Blogger Adam Fletcher said...

Brent, thanks for your thoughtful critique. It is rare that I come across somebody who has taken into consideration the ample reasoning behind youth rights. However, I want to point out two critical points I think you fail to recognize.

One is the historical foundation of YR, which extends far earlier than NYRA or even John Holt. Instead, it is rooted in the labor movement at the turn of the 20th century, and gained momentum at several different points during the civil rights and the women's rights movements. In that sense it is appropriate for YR advocates to couch their analyses in those earlier efforts, and to rely on them for a pragmatic theoretical basis for action. That is not to excuse current YR fighters from the necessity of creating a coherent theoretical basis for their efforts; rather, it is to say there is a existent theoretical foundation - acknowledged or not - for this work.

The second point I think you fail to acknowledge is the necessary role of adult allies in the development of theoretical frameworks in the YR movement. We have a pragmatic, as well as mutually beneficial, purpose to become involved in the development of YR theory. The pragmatic reasons are obvious: by taking responsibility for the inadequacies of adults in larger society, adult allies concerned with YR can role model appropriate behavior and anti-adultist treatment of young people. In this way we both help foster a new generation of adult allies, and create more positive platforms for collective action within both YR and other movements.
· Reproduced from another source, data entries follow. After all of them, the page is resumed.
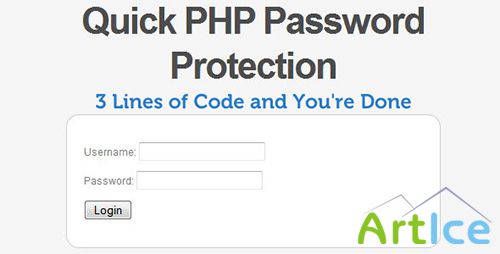 CodeCanyon - Quick PHP Password Protection (Login System)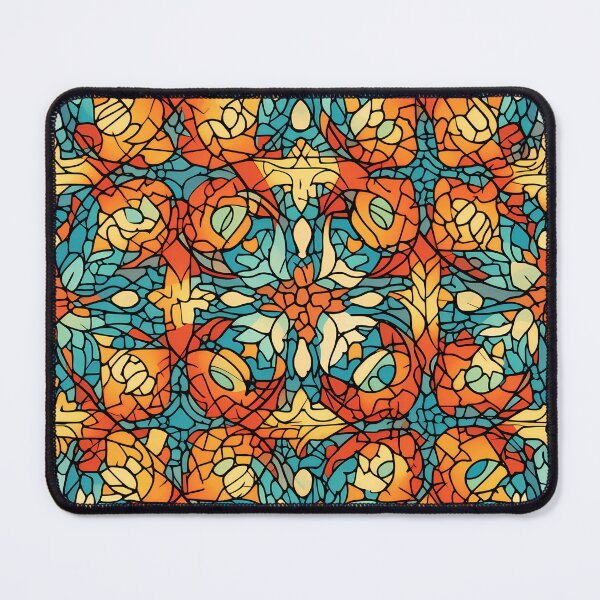 Item preview, Vibrant Mosaic: Abstract Pattern Art for Print designed and sold by GiveMeMood.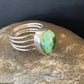 Adjustable Navajo Green Sonoran Turquoise Ring | Sterling Silver | Sz 6 | 2078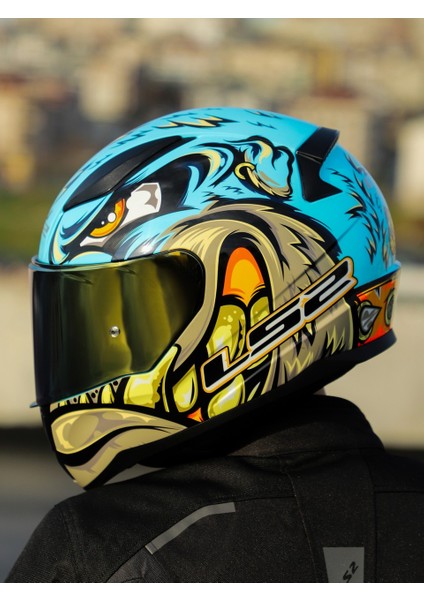 Rapid 2 Neo Full Face Motosiklet Kaskı Siyah Vizörlü modelleri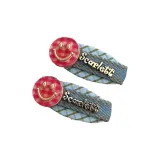Red Smiley Face 1 Pair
As for the mutual benefit, as the adage goes, "no one is free until everyone is free." In its overly simplistic way that saying can be used to paint wide strokes over why adult allies should recognize their integral role in the development of YR theory.

I think its important to acknowledge that the YR movement's collective failure is embedded in our own inability as adult allies to youth; that way we can shoulder appropriate responsibility without foisting blame onto the backs of youth. Popular media does that enough without help from within the movement, right?